#### [Problem description]
Reproduce every line of the material below, but drop the pictures.

#### [Information provided]
┄┄┄┄┄┄┄┄┄┄┄┄┄┄┄┄┄┄┄┄

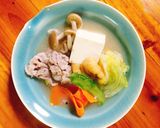お鍋の具材綺麗な並べ方♪(節約Ver.)作り方5写真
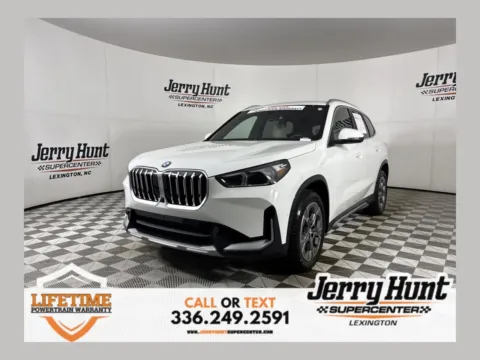 White 2025 BMW X1 xDrive28i for sale in Lexington, NC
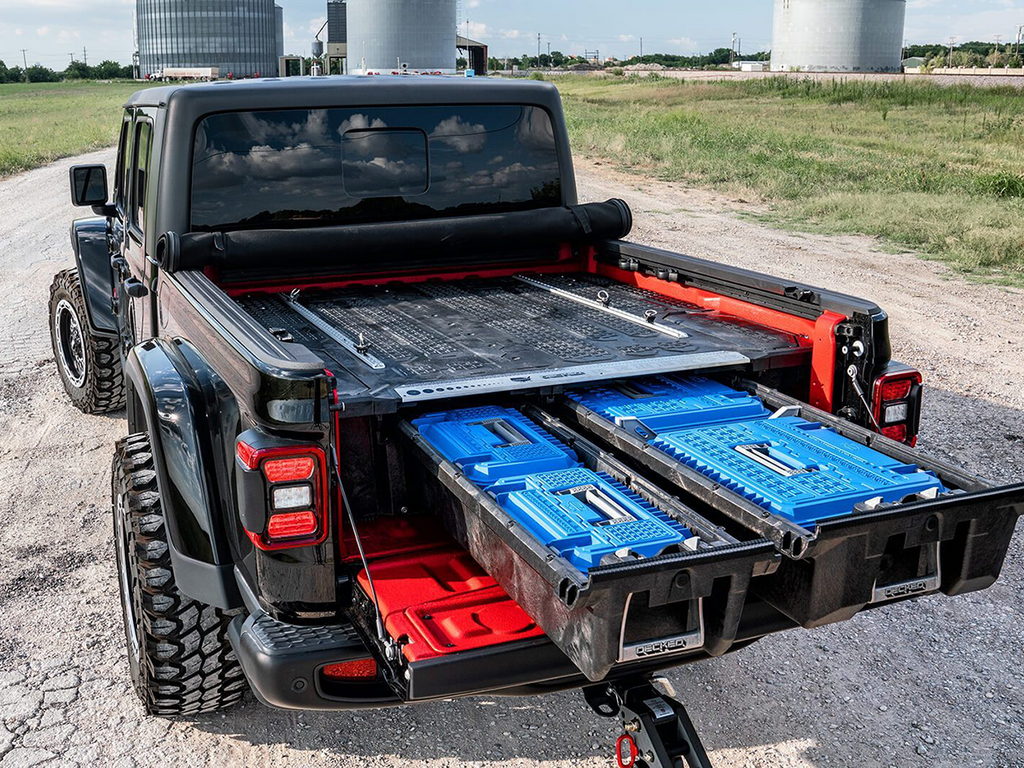 DECKED DRAWER SYSTEM for 20-up Jeep Gladiator JT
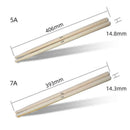 2* Drum Stick 5A Drumsticks Maple High Quality Wood Premium Feel 2019 Percu P2X4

┄┄┄┄┄┄┄┄┄┄┄┄┄┄┄┄┄┄┄┄

#### [Exercise solution]
お鍋の具材綺麗な並べ方♪(節約Ver.)作り方5写真
 White 2025 BMW X1 xDrive28i for sale in Lexington, NC
 DECKED DRAWER SYSTEM for 20-up Jeep Gladiator JT
 2* Drum Stick 5A Drumsticks Maple High Quality Wood Premium Feel 2019 Percu P2X4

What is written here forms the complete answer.